Men like a woman with curves, especially a curve on the lower half of a female's body.

A study by the University of Texas reveals men have a clear preference for women whose spine and backside form a "theoretically optimal angle of lumbar curvature." Or in plain language, a curvy backside.

The researchers say they think it may be an evolutionary preference because in the prehistoric past that "optimal" angle - the study put it at 45.5 degrees - made women more likely to carry out successful pregnancies.

Scientists call the way the female spine attaches to the hips and buttocks "vertical wedging."

"This [optimal] spinal structure would have enabled pregnant women to balance their weight over the hips," says researcher David Lewis.
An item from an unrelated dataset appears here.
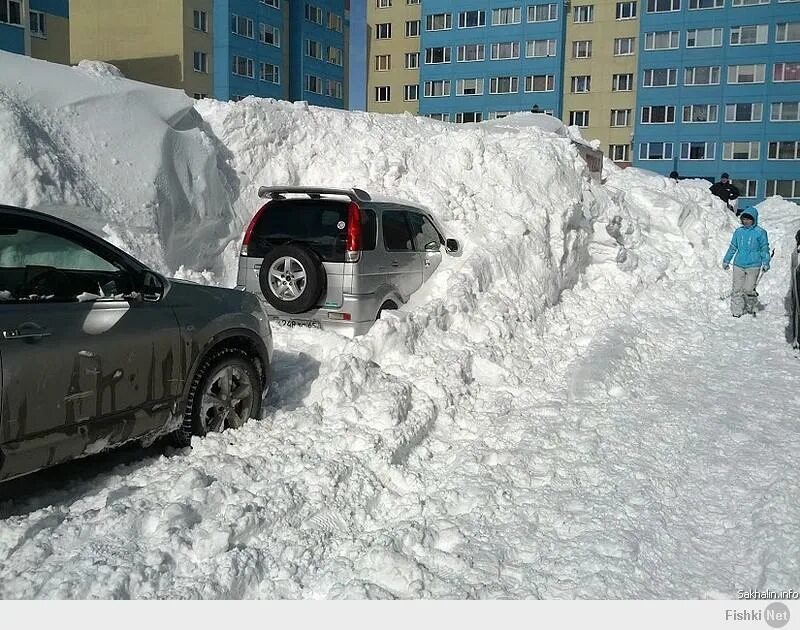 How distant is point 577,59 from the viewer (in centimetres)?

That would have made them more effective in foraging for food while pregnant, less prone to spinal injuries, and better able to deliver multiple offspring without injury, all of which would have made such women preferable for men, the researchers say.

Such preference would have evolved over thousand of years, they point out in their study published in the journal Evolution and Human Behavior.

In the study, around 100 young men rated how attractive they found a number of manipulated images displaying spinal curves ranging across the natural spectrum, from 26 degrees up to 61 degrees.

Men were most attracted to images showing women with the optimum of 45.5 degrees of lumbar curvature, the researchers found.

"What's fascinating about this research is that it is yet another scientific illustration of a close fit between a sex-differentiated feature of human morphology - in this case lumbar curvature - and an evolved standard of attractiveness," says study co-author and psychology professor David Buss.

The finding adds to an increasing body of evidence that beauty is not entirely arbitrary, or "in the eyes of the beholder," he says, as many scientists believe.

Rather, he suggests, considerations of what is beauty has a "coherent adaptive logic."

And since men's psychological preference for a certain female shape evolved over thousands of years, it's not going to disappear any time soon, the researchers say.

"This tight fit between evolutionary pressures and modern humans' psychology, including our standards of attractiveness, highlights the usefulness that an evolutionary approach can have for expanding our knowledge not just of the natural sciences, but also the social sciences," Lewis says.